Homage was paid to Wayne Gretzky in the ice palace known as Northlands Coliseum. These people knew something special when they saw it. They asked for it and got it. Even those in an Edmonton throng of 17,503 who rued the day Wayne Gretzky left for Los Angeles, who wished for their Oilers to show the visiting Kings how the game of hockey was meant to be played, found themselves touched by what happened. There was something so fair and appropriate about it, something so . . . well, proper.

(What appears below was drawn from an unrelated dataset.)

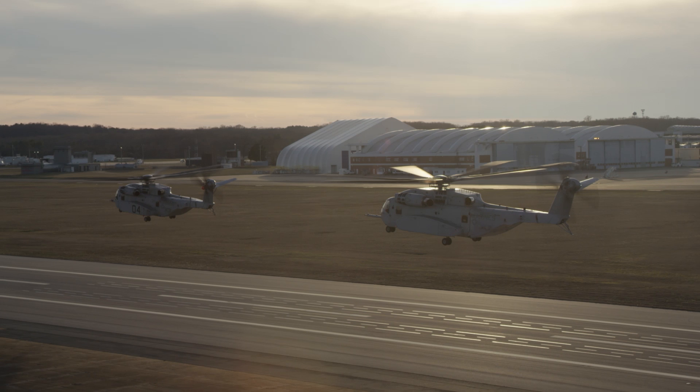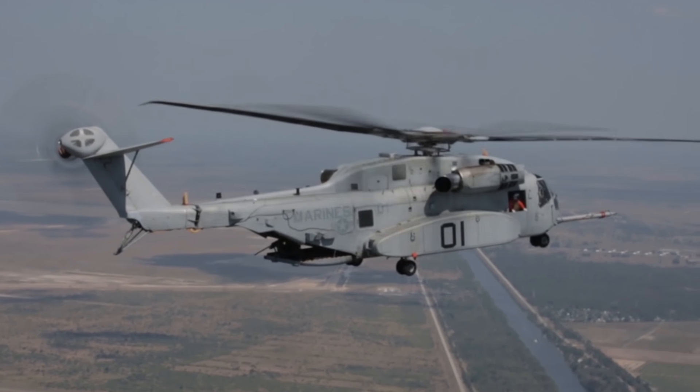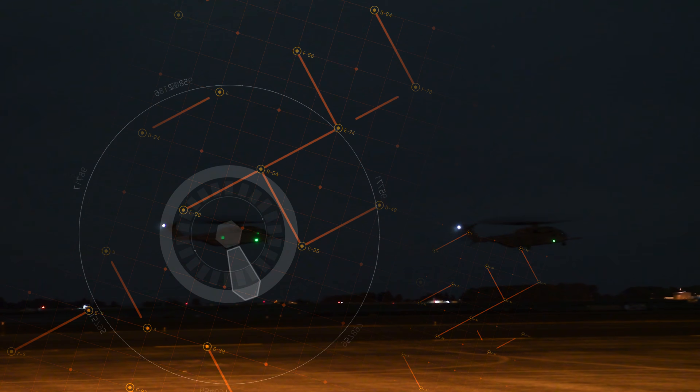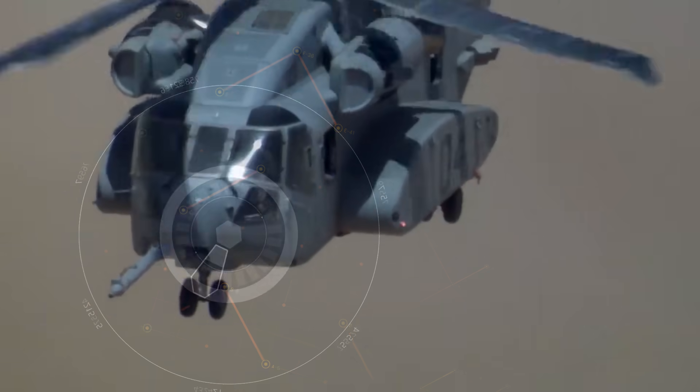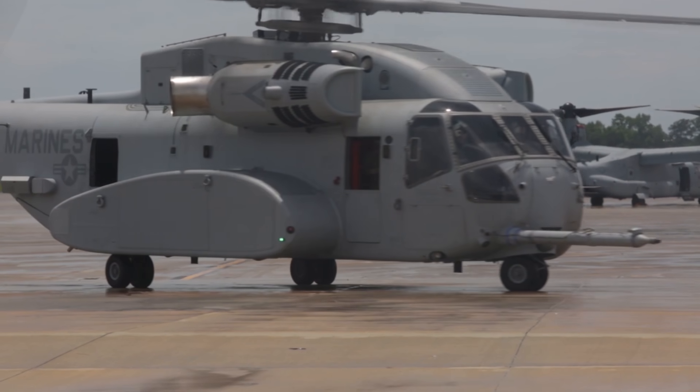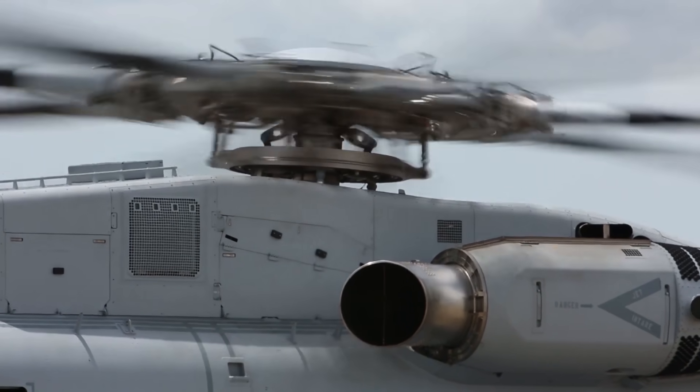But the King Stallion has brains as well as brawn. It uses state-of-the-art fly-by-wire technology to reduce the pilots' workload, allowing them to focus on the mission. It is a smart helicopter, with modern technology and digital capabilities for a digital battlefield and maritime high-end fight. It is agile in design and development across the entire spectrum, with a focus on capability and adaptability.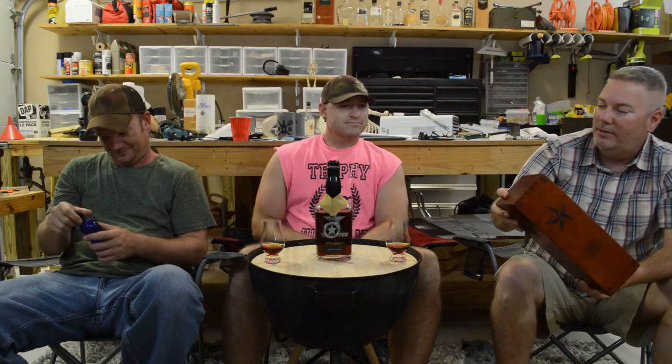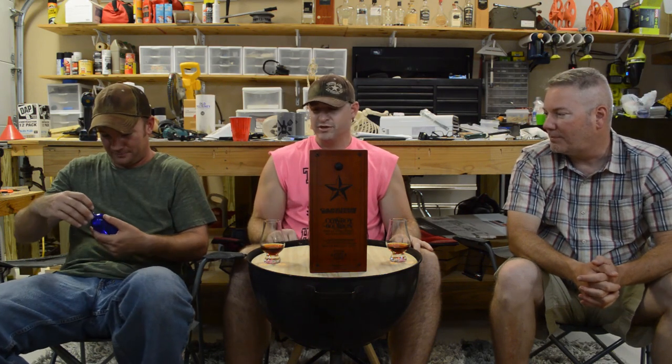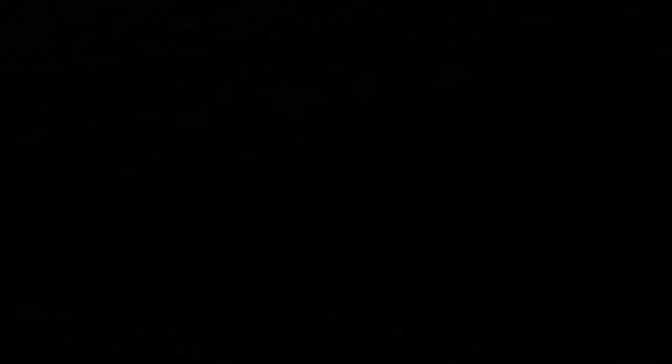Hi, everybody. We have Michaela off camera. That's good stuff. We're dropping. Welcome to Whiskey Wednesday. This is Ryan, he's your cook. This is Evan, the neighbor. And again, we have Jeff.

Even the players themselves treated the coronation of Wayne Gretzky as hockey’s all-time scoring king respectfully, bordering on worshipfully. After the goal, which came with a suspenseful 53 seconds to go and Gretzky’s own goalie pulled from the game, there were tributes from both friends and foes. Gordie Howe’s record was gone for good, and moments such as this were rare.

The Oilers sat or stood near their bench, a few looking impatient for the game to resume, but all polite as could be. Jari Kurri sat on the side rail, legs dangling a foot from the ice, while Mark Messier rewarded their once-upon-a-time teammate with a diamond-crusted bracelet. “Presented with friendship,” it was inscribed.

As for the Kings, they fanned out along one of the rink’s two blue lines and drummed the icy surface with their sticks, like musicians who salute a performer by tapping their violins with their bows. A player would have had to have a face as hard as a goaltender’s mask not to be visibly moved by this scene.

Minutes before, Gretzky had broomed a backhand into the net, beyond Edmonton goalie Bill Ranford’s reach, to start the party. Kurri and Messier, his trusty old friends, occupied the ice at the time. Kevin Lowe, possibly Gretzky’s closest friend among the Oilers, happened to be in the crease, closest to him, unable to delay the inevitable.

Gretzky scored and then sprang into the arms of the nearest teammate, Dave Taylor, who has waited longer than any other King for something to celebrate. Soon they were joined by Bernie Nicholls, Luc Robitaille, Steve Duchesne and Larry Robinson, who slammed Gretzky into the glass harder than any opponent has in years. Then came the mob from the bench, given special dispensation to spill forth from it, for just this one occasion.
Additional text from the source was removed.